The echo-back circuit 104 includes switches 104a and 104b connecting the lines 92 and 94, and is employed in the foregoing powering-up process. The switch 104a when activated opens the link 92, and the switch 104b opens the link 94. A connection 95 connects the link 92 to the switch 104b to couple the output of the repeater 98 into the input of the transceiver 102. This operation hereafter will be referred to as the "echo back" operation by the echo-back circuit 104. The circuit 104 is activated so that upon applying power to the cable 22 the control signal 56 from the link 92 is echoed back from the module 26 closest to the ship to the shipboard control system 54 via link 94. The system 54 is thereby able to monitor proper receipt of the signal 56 by the appropriate module 26.
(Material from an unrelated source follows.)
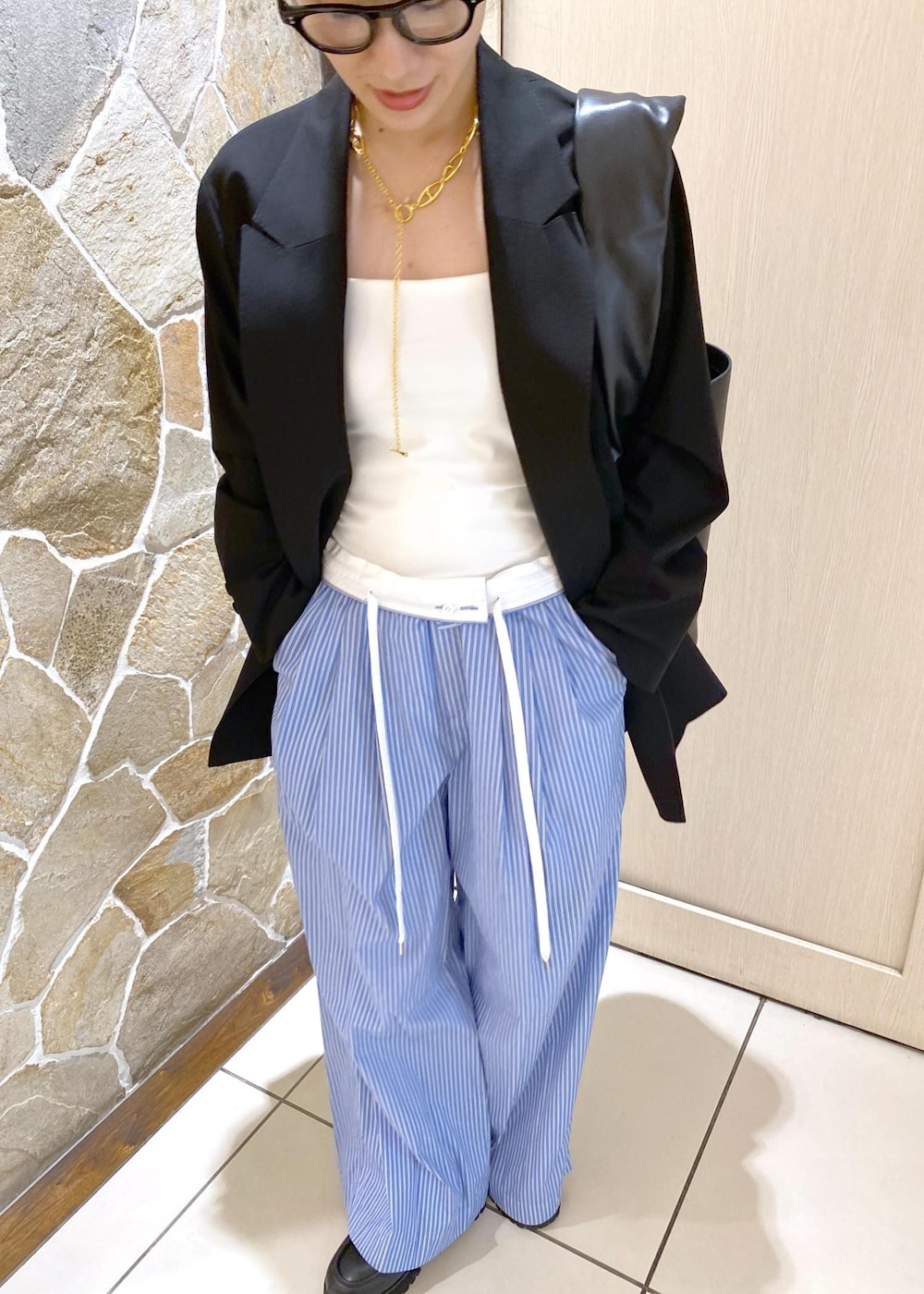 ブルー系のスラックス、ブラック系のテーラードジャケット、ブラック系のローファーを着用したレディースの秋コーディネートの6枚目の写真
The "echo-back" feature also provides an efficient way to program a unique address 76 into each module 26. A command signal 56 containing a "PROGRAM ADDRESS" command 74 is sent from the shipboard control system 54 requesting that the address 76 be stored. Since the echo-back circuit 104 is activated, this command can only communicate with the first module 26. Thus, the first module 26 is associated with its own unique address 76 which is stored in the first module 26. Once the unique address 76 has been stored by the module 26, a control signal 56 containing an "ECHOBACK DISABLE" command 74 disables the module 26 from responding to subsequent "PROGRAM ADDRESS" commands directed to the remaining modules 26. The module 26 closest to the boat 20 retains the unique six-bit address 76 until power is removed from the system. The same "ECHOBACK DISABLE" command 74 also requests the circuit 104 to deactivate, and thus the connection 95 between links 92 and 94 is broken, allowing the next control signal 56 to pass through to the second module 26, where the process repeats.
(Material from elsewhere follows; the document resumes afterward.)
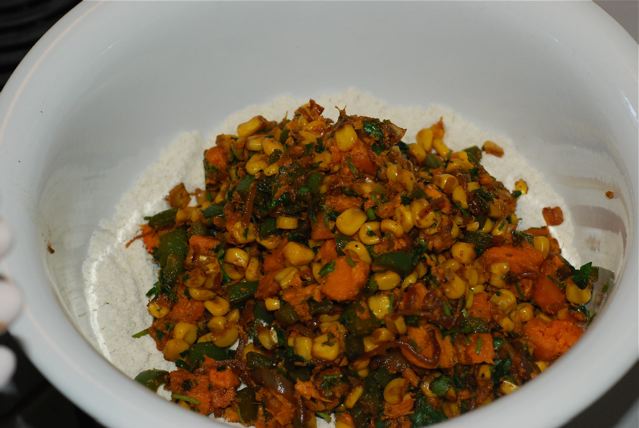 Cooled vegetables added to the corn masa in the bowl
A second unique address 76 is sent in the control signal 56 with the "PROGRAM ADDRESS" command 74 to store the address 76. Since the module 26 closest to the boat 20 has had its address programming capability disabled, only the second module 26 responds. The "PROGRAM ADDRESS" command 74 is immediately followed by an "ECHOBACK DISABLE" command 74 to disable the capability of the second module 26 to be programmed with a new address 76. Thus, the second module 26 from the boat 20 is programmed with its own unique address 76 which it will retain until power is removed from the system. This process continues until all the modules 26 have each received a "PROGRAM ADDRESS" command 74.
The control signal 56 passes through each module 26 until it reaches the last module 96. The last module 96, not having received an "ECHOBACK DISABLE" command 74 in a control signal 56, echos back the control signal, via the transmission link 94, to the shipboard control system 54. Thus, during operation of the cable 22, the control signals 56 from the control system 54 pass via the link 92 through all of the modules 26 to the last module 96. At the last module 96 the control signals 56 are echoed back through the echo-back circuit 104 via link 94 to all of the transceivers 102 of the data acquisition control modules 26. At the modules 26, the digitized, sound-wave data 60 are collected and inserted into the link 94 in the time gap behind the control signals 56 on their way back to the shipboard control system 54.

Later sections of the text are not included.